## Exercise details
Set down each line of the material that follows exactly, and leave its pictures out.

## Input for this task
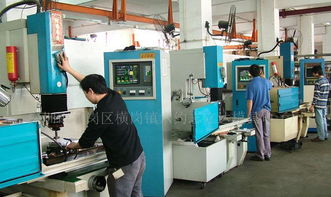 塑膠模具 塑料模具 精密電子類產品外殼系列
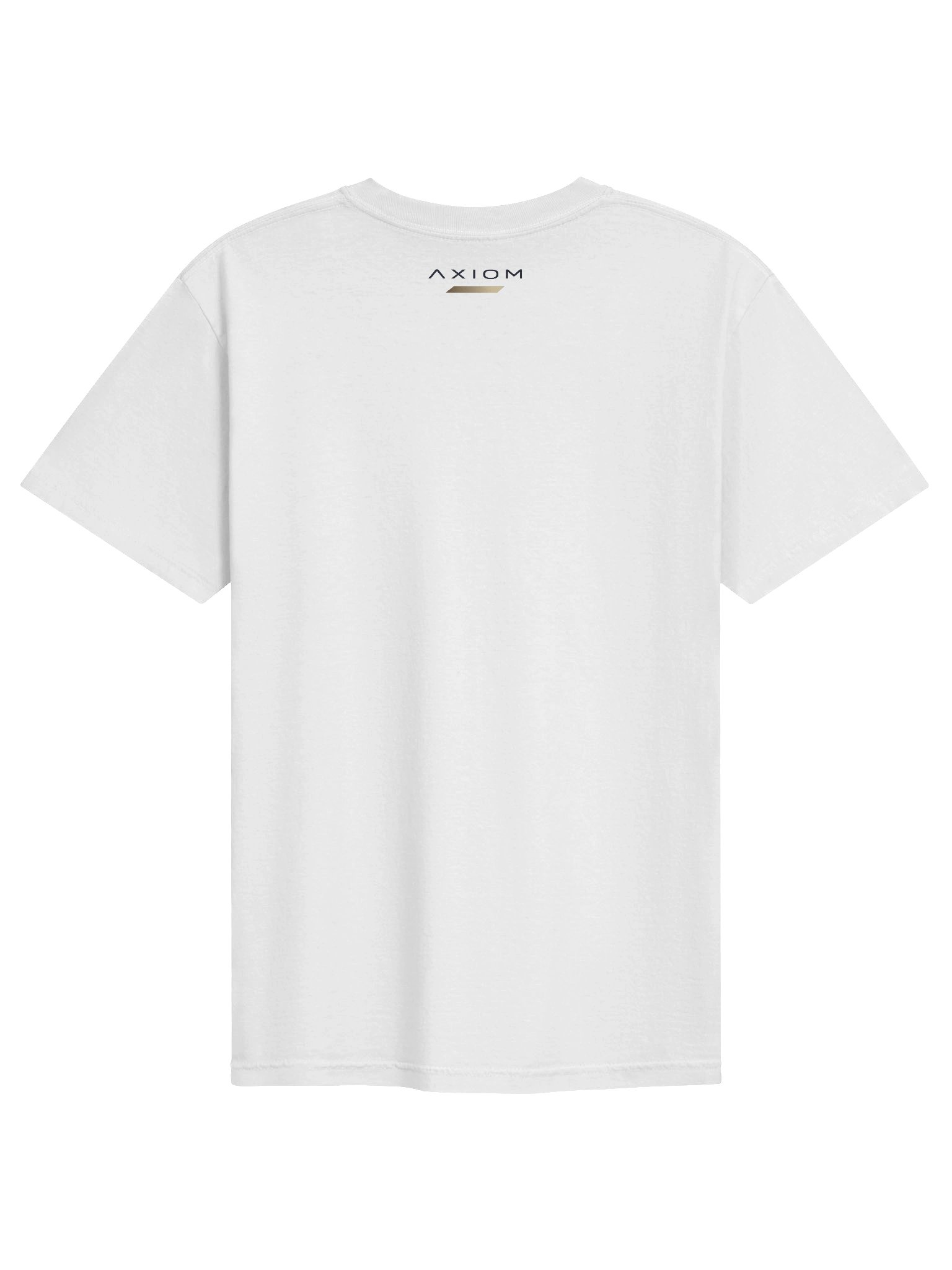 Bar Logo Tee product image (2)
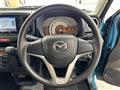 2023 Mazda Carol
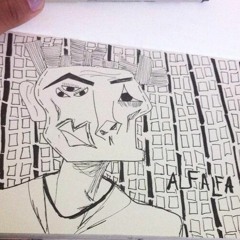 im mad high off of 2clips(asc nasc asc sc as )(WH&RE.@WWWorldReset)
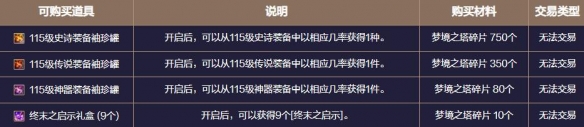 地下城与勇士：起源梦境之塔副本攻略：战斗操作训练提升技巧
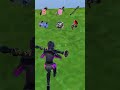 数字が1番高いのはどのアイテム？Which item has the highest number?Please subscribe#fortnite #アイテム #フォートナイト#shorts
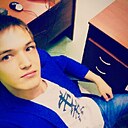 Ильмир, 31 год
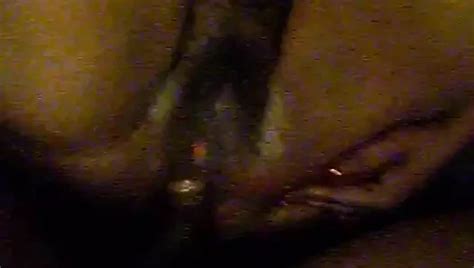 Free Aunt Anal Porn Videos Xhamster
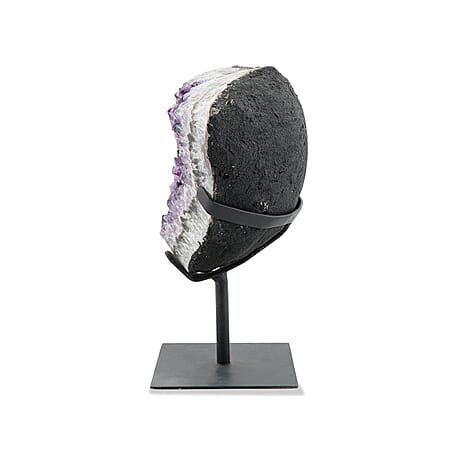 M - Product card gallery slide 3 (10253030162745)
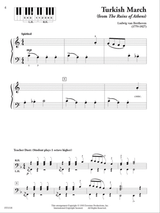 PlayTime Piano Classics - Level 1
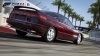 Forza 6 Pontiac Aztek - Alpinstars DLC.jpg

## Response below
 塑膠模具 塑料模具 精密電子類產品外殼系列
 Bar Logo Tee product image (2)
 2023 Mazda Carol
 im mad high off of 2clips(asc nasc asc sc as )(WH&RE.@WWWorldReset)
 地下城与勇士：起源梦境之塔副本攻略：战斗操作训练提升技巧
 数字が1番高いのはどのアイテム？Which item has the highest number?Please subscribe#fortnite #アイテム #フォートナイト#shorts
 Ильмир, 31 год
 Free Aunt Anal Porn Videos Xhamster
 M - Product card gallery slide 3 (10253030162745)
 PlayTime Piano Classics - Level 1
 Forza 6 Pontiac Aztek - Alpinstars DLC.jpg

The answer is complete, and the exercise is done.